Pero el fallo no solo es erróneo. Es peligroso. Porque establece un precedente en el que se violan garantías fundamentales, como la confidencialidad entre abogado y cliente, la presunción de inocencia, y el estándar mínimo de prueba para una condena penal. Aceptar grabaciones obtenidas de manera irregular, ignorar que las retractaciones fueron hechas por exparamilitares perseguidos durante el mismo gobierno Uribe, y desestimar pruebas adulteradas por considerarlas “no suficientemente cuestionadas”, es una afrenta al debido proceso y al Estado de derecho.
La juez que dictó sentencia pareció más una activista emocional que una operadora imparcial de justicia. Se refirió a testigos como si fuesen víctimas dignas de empatía y no sujetos procesales con versiones cuestionables. Habló con fervor de los demandantes, pero menospreció las pruebas de la defensa con frases como “no merece mayor análisis”. Una postura así sería grave en cualquier proceso, pero en uno contra un expresidente, es alarmante.
El caso tiene tantas irregularidades que incluso excríticos de Uribe, como Felipe Zuleta Lleras, han declarado públicamente su convicción de que el proceso es político y no jurídico.
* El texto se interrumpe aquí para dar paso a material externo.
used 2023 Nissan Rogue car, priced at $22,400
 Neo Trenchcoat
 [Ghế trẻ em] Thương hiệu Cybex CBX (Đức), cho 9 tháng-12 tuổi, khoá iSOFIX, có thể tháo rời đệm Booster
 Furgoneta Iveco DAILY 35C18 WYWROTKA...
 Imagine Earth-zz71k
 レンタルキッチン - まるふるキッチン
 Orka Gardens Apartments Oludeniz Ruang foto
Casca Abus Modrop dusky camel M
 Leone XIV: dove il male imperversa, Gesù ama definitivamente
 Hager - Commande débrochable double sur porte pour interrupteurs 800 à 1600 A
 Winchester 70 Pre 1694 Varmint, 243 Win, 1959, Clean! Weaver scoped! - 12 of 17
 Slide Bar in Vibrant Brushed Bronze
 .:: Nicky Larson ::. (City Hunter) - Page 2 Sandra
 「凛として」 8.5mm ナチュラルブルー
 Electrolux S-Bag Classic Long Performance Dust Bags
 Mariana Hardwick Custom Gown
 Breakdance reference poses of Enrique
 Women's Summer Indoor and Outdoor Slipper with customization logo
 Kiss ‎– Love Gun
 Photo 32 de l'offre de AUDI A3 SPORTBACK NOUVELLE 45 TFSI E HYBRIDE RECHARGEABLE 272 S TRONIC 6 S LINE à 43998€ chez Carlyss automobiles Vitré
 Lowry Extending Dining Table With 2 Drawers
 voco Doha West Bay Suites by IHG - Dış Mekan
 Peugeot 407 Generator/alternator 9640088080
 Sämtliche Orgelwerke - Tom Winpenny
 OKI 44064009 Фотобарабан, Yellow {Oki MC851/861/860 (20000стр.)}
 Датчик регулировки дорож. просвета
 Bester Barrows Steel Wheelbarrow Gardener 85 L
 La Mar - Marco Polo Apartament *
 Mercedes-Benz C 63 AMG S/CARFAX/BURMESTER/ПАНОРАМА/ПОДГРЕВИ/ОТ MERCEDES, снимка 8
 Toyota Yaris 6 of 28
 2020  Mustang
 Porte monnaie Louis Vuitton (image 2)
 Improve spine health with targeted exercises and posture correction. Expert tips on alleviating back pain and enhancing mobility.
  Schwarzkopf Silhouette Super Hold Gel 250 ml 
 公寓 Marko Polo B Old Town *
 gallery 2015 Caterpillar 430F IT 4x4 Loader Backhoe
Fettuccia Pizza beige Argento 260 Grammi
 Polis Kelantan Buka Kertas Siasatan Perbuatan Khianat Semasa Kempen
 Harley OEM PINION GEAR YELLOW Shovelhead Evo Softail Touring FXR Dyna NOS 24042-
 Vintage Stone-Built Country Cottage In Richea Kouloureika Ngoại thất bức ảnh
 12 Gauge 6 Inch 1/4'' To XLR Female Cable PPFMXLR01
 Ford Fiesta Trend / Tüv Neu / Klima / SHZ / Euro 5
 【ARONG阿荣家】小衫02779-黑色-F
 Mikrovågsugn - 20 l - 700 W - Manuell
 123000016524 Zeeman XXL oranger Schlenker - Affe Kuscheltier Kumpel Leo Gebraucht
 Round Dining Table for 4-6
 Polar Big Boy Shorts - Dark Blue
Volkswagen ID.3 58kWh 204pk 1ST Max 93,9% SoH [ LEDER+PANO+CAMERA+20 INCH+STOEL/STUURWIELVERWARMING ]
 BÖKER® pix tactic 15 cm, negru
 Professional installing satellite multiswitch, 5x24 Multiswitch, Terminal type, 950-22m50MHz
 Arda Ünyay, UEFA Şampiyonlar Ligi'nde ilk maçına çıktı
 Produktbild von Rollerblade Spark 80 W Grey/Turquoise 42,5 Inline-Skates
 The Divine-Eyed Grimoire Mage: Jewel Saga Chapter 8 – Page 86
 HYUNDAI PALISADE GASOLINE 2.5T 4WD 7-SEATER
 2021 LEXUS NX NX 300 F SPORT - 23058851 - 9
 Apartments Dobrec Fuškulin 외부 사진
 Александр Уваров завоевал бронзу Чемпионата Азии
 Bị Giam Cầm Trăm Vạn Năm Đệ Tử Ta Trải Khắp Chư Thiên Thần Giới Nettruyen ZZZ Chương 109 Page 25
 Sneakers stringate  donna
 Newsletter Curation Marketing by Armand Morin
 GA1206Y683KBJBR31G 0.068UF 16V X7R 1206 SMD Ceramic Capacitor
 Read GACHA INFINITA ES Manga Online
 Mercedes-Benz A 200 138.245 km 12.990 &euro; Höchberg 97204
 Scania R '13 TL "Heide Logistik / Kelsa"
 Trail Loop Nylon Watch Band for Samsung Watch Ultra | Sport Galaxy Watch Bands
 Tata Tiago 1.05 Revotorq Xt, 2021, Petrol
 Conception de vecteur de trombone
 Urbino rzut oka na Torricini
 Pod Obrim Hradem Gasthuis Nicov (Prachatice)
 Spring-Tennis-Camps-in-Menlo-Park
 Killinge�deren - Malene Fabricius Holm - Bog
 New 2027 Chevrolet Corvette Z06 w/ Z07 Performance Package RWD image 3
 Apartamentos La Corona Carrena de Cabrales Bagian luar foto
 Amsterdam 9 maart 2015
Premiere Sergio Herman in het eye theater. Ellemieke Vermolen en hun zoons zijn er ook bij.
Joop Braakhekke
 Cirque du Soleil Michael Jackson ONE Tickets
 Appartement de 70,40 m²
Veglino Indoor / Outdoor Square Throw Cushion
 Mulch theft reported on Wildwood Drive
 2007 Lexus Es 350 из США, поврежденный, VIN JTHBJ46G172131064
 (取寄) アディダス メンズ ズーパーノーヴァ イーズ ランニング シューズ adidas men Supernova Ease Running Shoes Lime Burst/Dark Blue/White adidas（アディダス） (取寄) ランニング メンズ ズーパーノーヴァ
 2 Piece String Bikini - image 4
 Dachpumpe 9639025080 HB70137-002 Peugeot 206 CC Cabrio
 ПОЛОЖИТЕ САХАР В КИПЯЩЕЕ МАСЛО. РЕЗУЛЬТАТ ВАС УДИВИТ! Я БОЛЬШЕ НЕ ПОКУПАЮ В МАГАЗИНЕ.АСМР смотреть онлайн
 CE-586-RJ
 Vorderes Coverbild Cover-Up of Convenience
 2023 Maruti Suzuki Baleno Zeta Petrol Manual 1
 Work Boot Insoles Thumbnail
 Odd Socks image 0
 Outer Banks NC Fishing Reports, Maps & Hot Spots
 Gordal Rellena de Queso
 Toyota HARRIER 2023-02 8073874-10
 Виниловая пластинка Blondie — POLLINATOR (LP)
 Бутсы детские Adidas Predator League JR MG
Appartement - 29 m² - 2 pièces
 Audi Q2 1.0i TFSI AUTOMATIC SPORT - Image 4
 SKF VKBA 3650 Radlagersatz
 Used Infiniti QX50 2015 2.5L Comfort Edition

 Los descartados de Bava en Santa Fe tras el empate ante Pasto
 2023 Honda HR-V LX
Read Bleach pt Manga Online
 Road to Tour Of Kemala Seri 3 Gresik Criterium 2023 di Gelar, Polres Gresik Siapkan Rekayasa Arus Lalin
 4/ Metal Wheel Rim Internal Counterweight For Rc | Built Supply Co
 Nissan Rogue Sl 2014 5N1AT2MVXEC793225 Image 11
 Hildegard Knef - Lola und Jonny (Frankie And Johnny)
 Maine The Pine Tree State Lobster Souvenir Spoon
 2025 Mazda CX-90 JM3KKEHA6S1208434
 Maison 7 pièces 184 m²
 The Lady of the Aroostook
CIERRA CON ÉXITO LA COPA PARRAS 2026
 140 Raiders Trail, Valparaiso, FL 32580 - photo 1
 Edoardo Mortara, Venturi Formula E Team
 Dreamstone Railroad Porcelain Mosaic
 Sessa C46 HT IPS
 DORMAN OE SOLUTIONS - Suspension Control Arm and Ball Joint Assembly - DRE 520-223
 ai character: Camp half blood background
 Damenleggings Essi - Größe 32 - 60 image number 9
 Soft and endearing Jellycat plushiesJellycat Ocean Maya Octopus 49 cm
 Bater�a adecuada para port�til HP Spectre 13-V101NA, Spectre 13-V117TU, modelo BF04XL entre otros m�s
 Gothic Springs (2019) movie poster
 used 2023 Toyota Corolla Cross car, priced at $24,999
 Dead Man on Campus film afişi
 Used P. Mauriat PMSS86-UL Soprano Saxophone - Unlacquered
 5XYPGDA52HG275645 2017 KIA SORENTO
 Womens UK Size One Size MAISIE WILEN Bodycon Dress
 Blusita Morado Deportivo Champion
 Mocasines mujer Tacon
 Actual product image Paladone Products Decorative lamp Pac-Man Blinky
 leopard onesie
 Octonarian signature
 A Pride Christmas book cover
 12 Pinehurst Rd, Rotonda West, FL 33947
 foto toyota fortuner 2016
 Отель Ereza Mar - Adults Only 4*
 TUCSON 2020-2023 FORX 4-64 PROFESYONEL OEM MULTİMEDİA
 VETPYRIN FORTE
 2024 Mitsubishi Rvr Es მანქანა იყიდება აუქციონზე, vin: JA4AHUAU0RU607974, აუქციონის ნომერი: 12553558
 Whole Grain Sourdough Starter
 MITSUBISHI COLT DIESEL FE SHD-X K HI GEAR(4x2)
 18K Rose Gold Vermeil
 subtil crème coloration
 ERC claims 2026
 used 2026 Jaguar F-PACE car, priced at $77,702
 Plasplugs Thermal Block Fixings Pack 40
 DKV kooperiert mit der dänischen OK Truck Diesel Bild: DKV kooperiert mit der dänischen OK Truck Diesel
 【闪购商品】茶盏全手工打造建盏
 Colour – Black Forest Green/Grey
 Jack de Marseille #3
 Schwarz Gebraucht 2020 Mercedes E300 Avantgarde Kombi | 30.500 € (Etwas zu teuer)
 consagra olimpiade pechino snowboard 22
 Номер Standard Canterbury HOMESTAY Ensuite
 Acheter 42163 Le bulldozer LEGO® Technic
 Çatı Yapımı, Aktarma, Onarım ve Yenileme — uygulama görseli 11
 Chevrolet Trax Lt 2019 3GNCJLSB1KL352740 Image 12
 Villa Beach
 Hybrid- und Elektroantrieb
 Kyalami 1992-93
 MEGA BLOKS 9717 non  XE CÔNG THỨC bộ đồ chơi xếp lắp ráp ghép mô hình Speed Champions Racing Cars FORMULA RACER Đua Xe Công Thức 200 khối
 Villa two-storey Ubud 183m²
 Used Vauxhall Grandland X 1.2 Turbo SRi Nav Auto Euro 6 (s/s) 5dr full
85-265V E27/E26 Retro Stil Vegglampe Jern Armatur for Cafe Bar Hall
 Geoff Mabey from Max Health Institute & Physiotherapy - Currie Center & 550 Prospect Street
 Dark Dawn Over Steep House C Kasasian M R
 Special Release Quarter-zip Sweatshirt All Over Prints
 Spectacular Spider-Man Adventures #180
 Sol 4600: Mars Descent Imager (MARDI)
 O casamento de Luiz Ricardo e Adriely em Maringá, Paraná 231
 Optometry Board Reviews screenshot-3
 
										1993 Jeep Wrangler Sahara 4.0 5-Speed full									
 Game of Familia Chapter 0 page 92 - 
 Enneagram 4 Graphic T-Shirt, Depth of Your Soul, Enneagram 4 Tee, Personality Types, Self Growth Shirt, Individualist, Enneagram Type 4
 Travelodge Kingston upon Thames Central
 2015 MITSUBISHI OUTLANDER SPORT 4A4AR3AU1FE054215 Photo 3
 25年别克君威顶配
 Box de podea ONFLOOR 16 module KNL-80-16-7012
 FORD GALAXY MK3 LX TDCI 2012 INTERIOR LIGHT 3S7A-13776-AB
Y tienen razón. A Uribe lo están juzgando más por su historia política que por hechos jurídicamente demostrables. Este no es un juicio penal. Es una revancha ideológica.
A quienes celebran la condena, les pregunto: si a Uribe se le violaron garantías, ¿qué puede esperar el ciudadano de a pie? Si la justicia permite interceptar sin control a un abogado, ignorar pruebas adulteradas, y condenar sin certeza, ¿quién está realmente a salvo?
Mi solidaridad con Álvaro Uribe no es por simpatía política. Es porque creo en la ley, en el debido proceso y en el principio de inocencia. Este fallo, aunque pueda ser inane en la práctica, es indigno y doloroso en el plano ético. La historia sabrá reconocerlo. Y el país también.